Pour les entreprises qui choisissent la colocation, les centres de calcul multi-tenant ne sont pas forcément synonymes d'efficacité. Le système de tarification de ces services est basé sur l'occupation, le nombre de racks ou la superficie, plus une limite sur la quantité d'énergie au-delà de laquelle le client doit payer des frais supplémentaires. Ce modèle n'incite pas à utiliser l'équipement de manière aussi efficace que possible. Selon le rapport, l'an dernier, la totalité des datacenters installés sur le sol américain ont consommé 91 milliards de kilowatts-heures, « soit deux fois plus, et avec de la marge, que la quantité nécessaire à alimenter tous les habitants de New York en électricité ». Selon les estimations, en 2020, la consommation annuelle des datacenters devrait atteindre 140 milliards de kilowatts-heures.

« Si les entreprises adoptaient de meilleures pratiques énergétiques dans les datacenters, les avantages économiques seraient considérables », estime encore le rapport de la National Resources Defense Council. Une réduction de 40 % de la consommation d'énergie permettrait aux entreprises d'économiser 3,8 milliards de dollars. Et selon le rapport, une réduction de 80 % est techniquement possible. L'étude constate également que l'effort pour améliorer l'efficacité énergétique progresse peu. Mises à part certaines initiatives évidentes, comme l'isolement des allées chaudes et froides, les investissements supplémentaires pour améliorer l'efficacité énergétique sont plus difficiles à justifier, soit à cause du coût, soit parce que les gestionnaires IT craignent que certaines mesures ne contribuent à augmenter le risque.
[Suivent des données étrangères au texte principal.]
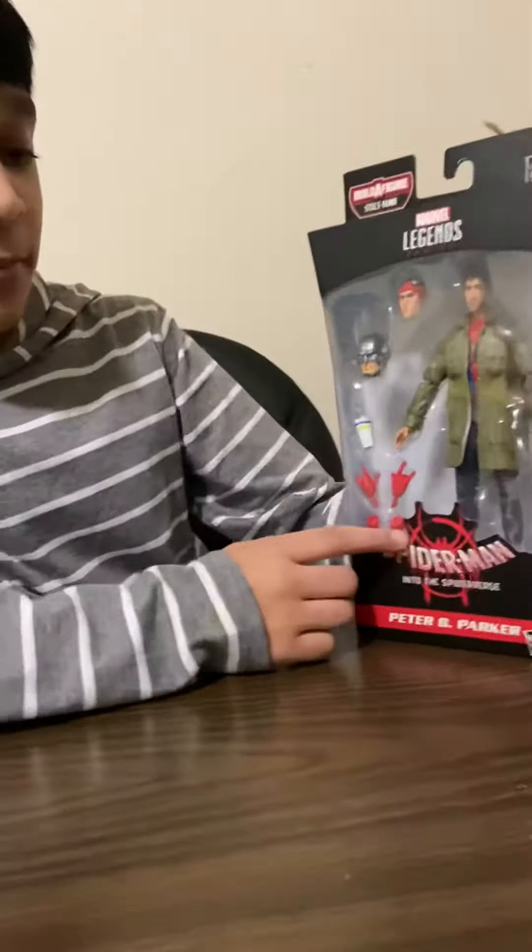Welcome back to my channel. I'm Mohamed and as you may know by the title, we're gonna be unboxing Peter B. Parker from Spider-Man Into the Spider-Verse.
Les responsables informatiques sont « extrêmement prudents » et rechignent à mettre en oeuvre des programmes contraignants de gestion de l'énergie parce qu'ils redoutent un effet négatif sur la disponibilité », note le rapport.

L'Europe incite aussi à l'amélioration de ses datacenters 

Plusieurs indicateurs permettent de mesurer l'efficacité énergétique des datacenters, et le rapport recommande le développement d'outils pour surveiller l'usage du processeur, estimer l'usage moyen des serveurs et du datacenter. Selon la NDRC, « une généralisation de ces mesures simples permettrait d'avoir une meilleure visibilité sur l'efficacité énergétique, et inciterait davantage les opérateurs à optimiser l'usage de leurs ressources IT ». L'association n'est pas la première à se pencher sur la question. En 2007, l'Agence de protection de l'environnement américaine avait travaillé sur le sujet avec un grand nombre d'opérateurs de datacenters et de groupements industriels. Le rapport sur la consommation d'énergie des datacenters publié à l'époque avait établi qu'entre 2000 et 2006, la consommation d'électricité des serveurs et des centres de calculs avait plus que doublé et l'agence appelait déjà à l'amélioration de l'efficacité énergétique des centres de calcul.

L'arrivée prochaine d'une taxe carbone en Europe et la nécessité d'abaisser la consommation des datacenters qui se multiplient comme des petits pains ont amené le CRIP (Club des Responsables d'Infrastructure et de Production) et la CTO Alliance à travailler sur un indicateur du nom de DCEM (Data Centre Energy Management) capable de benchmarker les différents types de datacenters en Europe et d'enterrer par la même occasion le très décrié PUE, très utilisé par les anglo-saxons, puisqu'il permet d'afficher des notes flatteuses en simulant la pleine charge.